Pathogenesis of duodenal ulcer. Gastric hyperacidity caused by propionitrile and cysteamine in rats.
Cysteamine and propionitrile, experimental duodenal ulcerogens, stimulated gastric acid secretion in the rat. Gastric acid secretion was measured by two separate methods, the conventional pylorus ligation technique and a non-invasive technique based on the pH dependent liberation of azure A from azuresin in the stomach with subsequent excretion of the liberated dye in the urine. Volume, acid concentration and acid content of gastric fluids aspirated immediately before the pylrous ligation were markedly increased 1,4 and 7 hours after a single dose of either cysteamine or propionitrile. Both acid concentration and acid output of gastric contents collected 30 minutes after pylorus ligation were also significantly elevated 1.5 hours after propionitrile and 4.5 hours after cysteamine.
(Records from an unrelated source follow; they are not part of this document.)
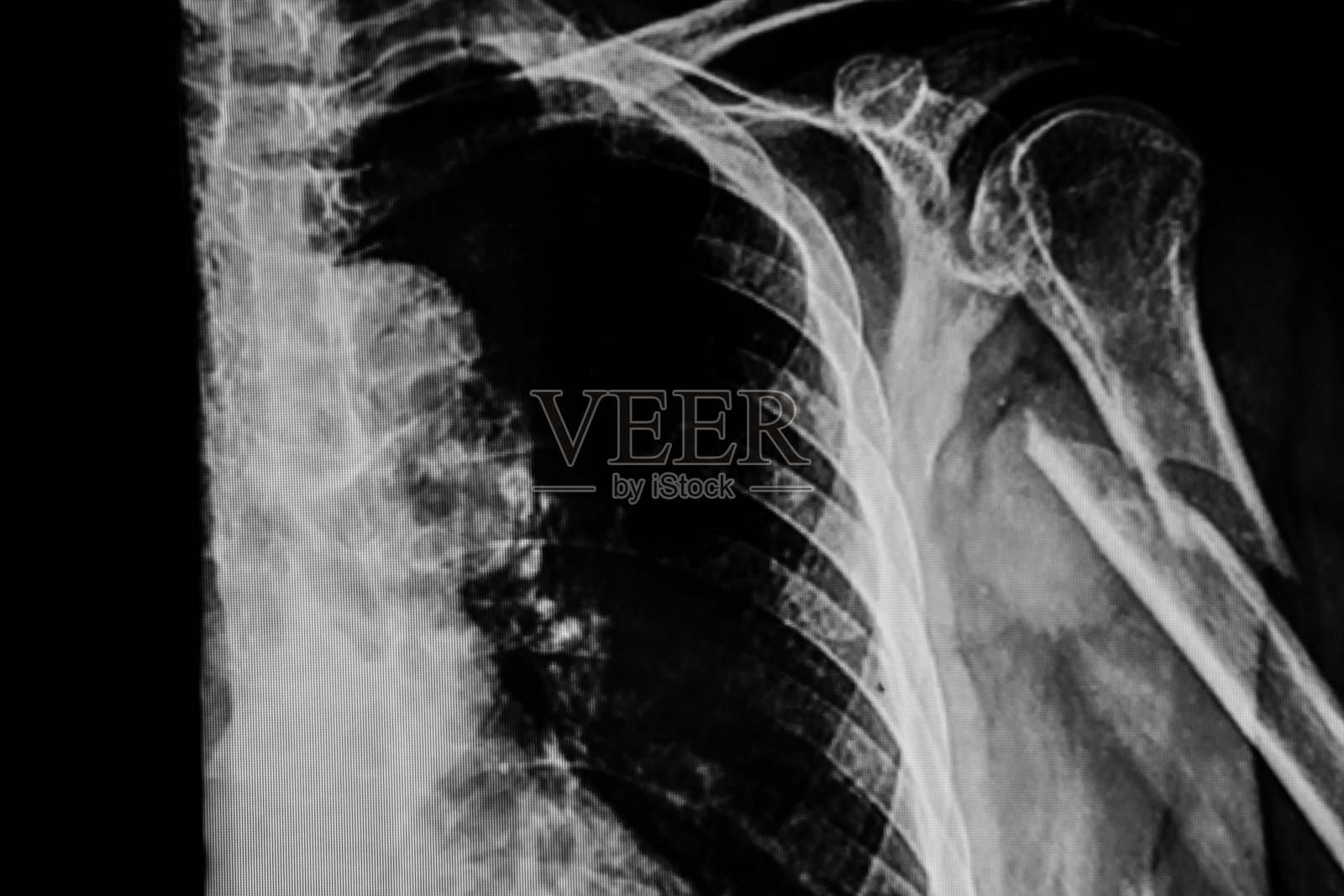 左肱骨骨折的Rx照片摄影图片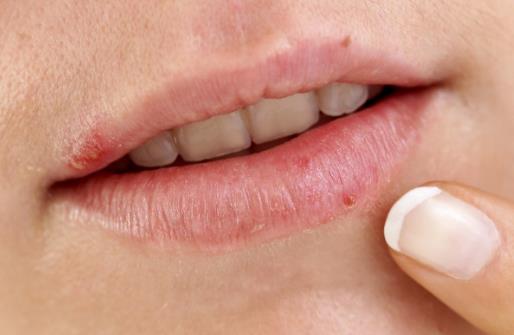 為什么會長唇部皰疹 唇部皰疹怎么治療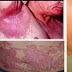 Obat Gatal Eksim di Lengan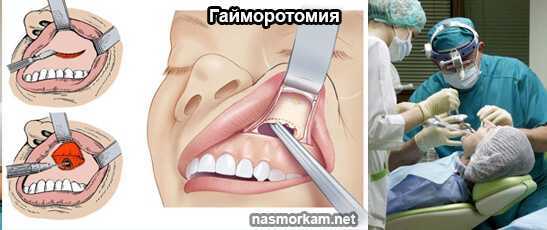 Одонтогенный гайморит: симптомы, лечение, антибиотики, народные средства, чем опасен, перфорация пазухи после удаления зуба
Significant increases in gastric acid secretion after these chemicals were also measured by the non-invasive technique which demonstrated a 4 to 6 fold increase in 24 hour urinary azure A output in rats injected with either propionitrile or cysteamine. Enhanced gastric acid output may play an important role in the pathogenesis of duodenal ulcer produced by propionitrile and cysteamine.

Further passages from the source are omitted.